Top of Records shown

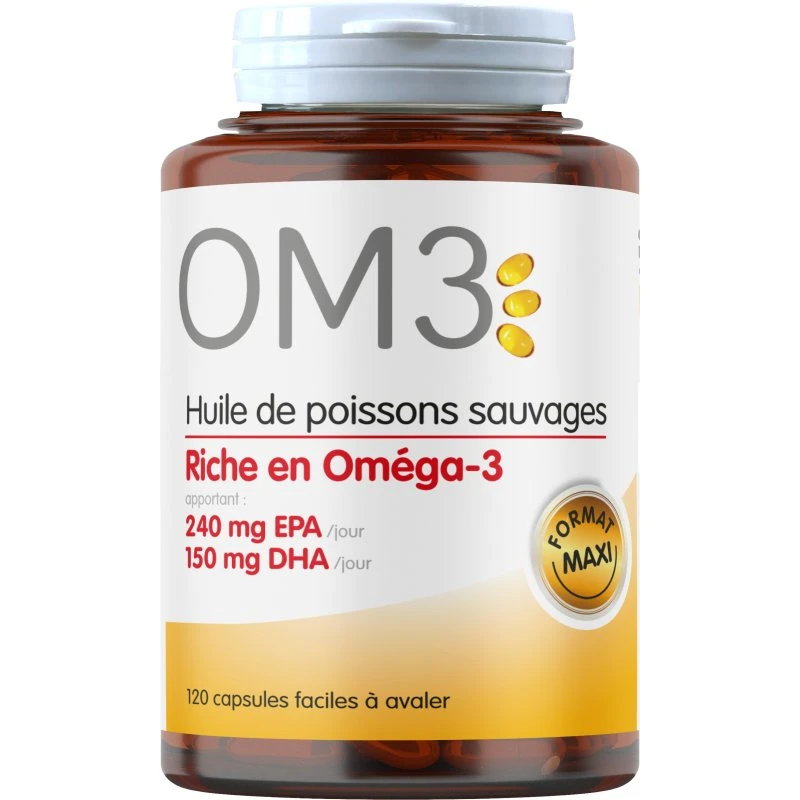 OM3 Huile de Poissons Sauvages 120 Capsules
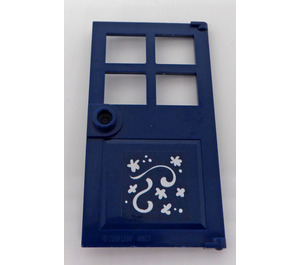 LEGO Dark Blue Door 1 x 4 x 6 with 4 Panes and Stud Handle with White Decoration Sticker (60623)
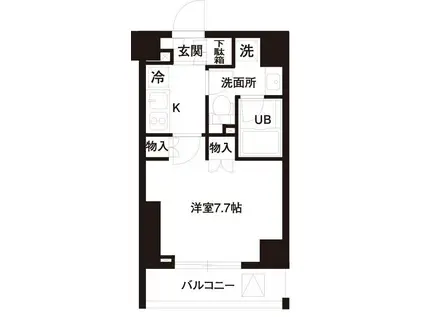 レジディア白金高輪(1K/2階)の間取り写真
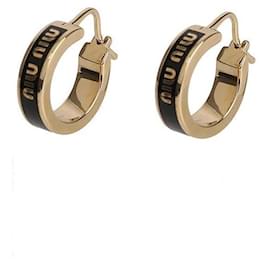 Orecchini con logo in smalto - Miu Miu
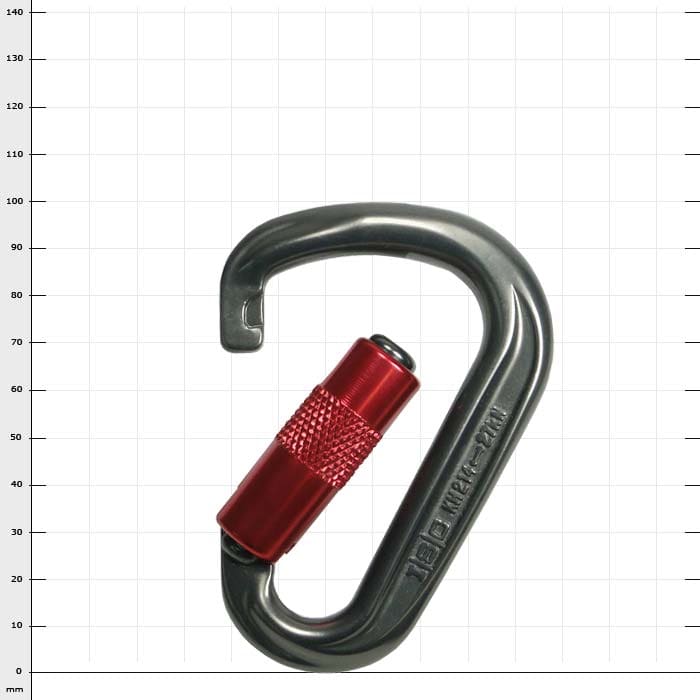 Mighty-Mouse snap hook open with red screw cap and silver metal body, manufacturer not visible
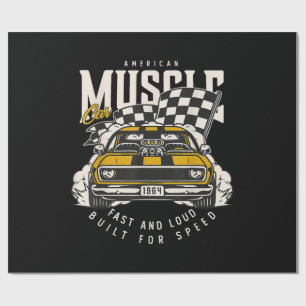 Papier Cadeau Drapeau vintage American Muscle Car Racing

Bottom of Records shown

Activity → Copy exactly and only this span: the line with "レジディア白金高輪(1K/2階)の間取り写真" through the final line of the entries, both ends included, with the pictures left out.

Problem solution →
 レジディア白金高輪(1K/2階)の間取り写真
 Orecchini con logo in smalto - Miu Miu
 Mighty-Mouse snap hook open with red screw cap and silver metal body, manufacturer not visible
 Papier Cadeau Drapeau vintage American Muscle Car Racing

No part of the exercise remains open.